## Goal of the exercise
Leave the pictures out and return every line below exactly.

## Source material

------------------------------

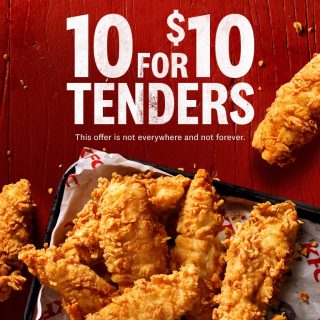 DEAL: KFC - 10 Tenders for $10 1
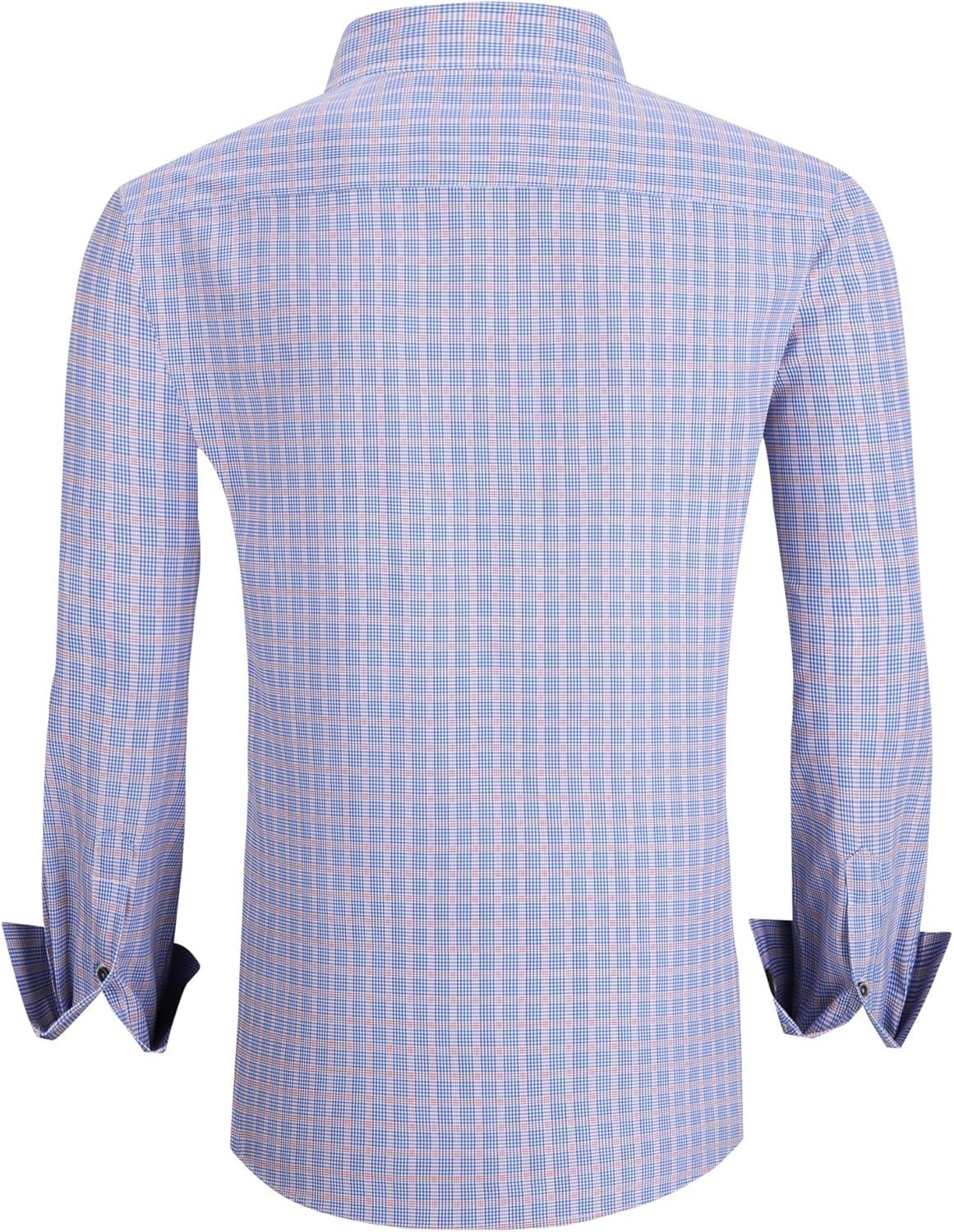 Alex Vando Mens Button Down Shirts Wrinkle Free 4-Way Stretch Print Business Casual Shirt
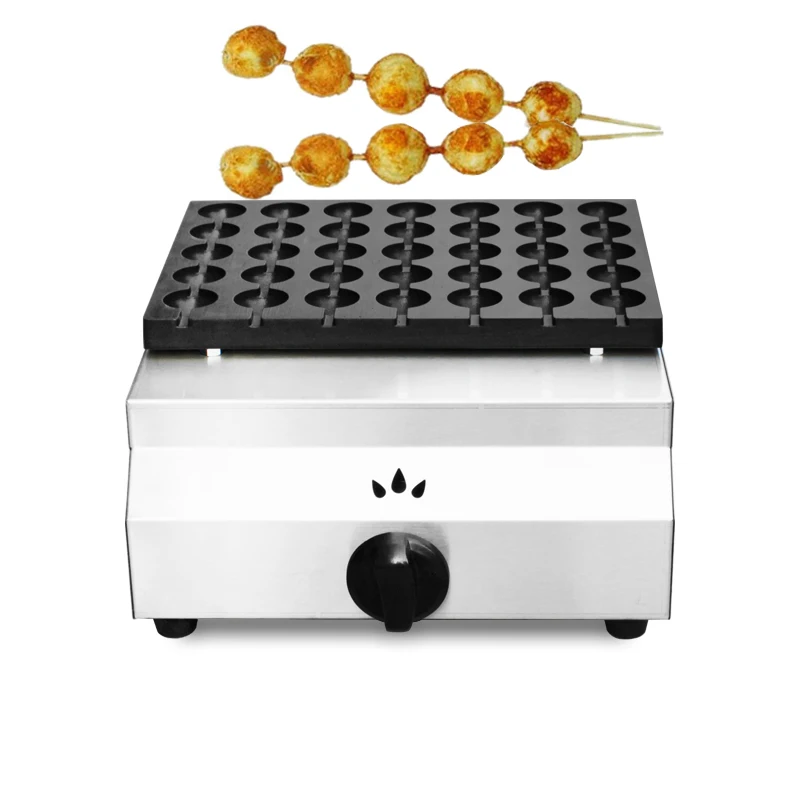 Commercial Gas egg waffle machine takoyaki maker fish grill takoyaki waffle maker ball takoyaki grill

------------------------------

## Response to this task
 DEAL: KFC - 10 Tenders for $10 1
 Alex Vando Mens Button Down Shirts Wrinkle Free 4-Way Stretch Print Business Casual Shirt
 Commercial Gas egg waffle machine takoyaki maker fish grill takoyaki waffle maker ball takoyaki grill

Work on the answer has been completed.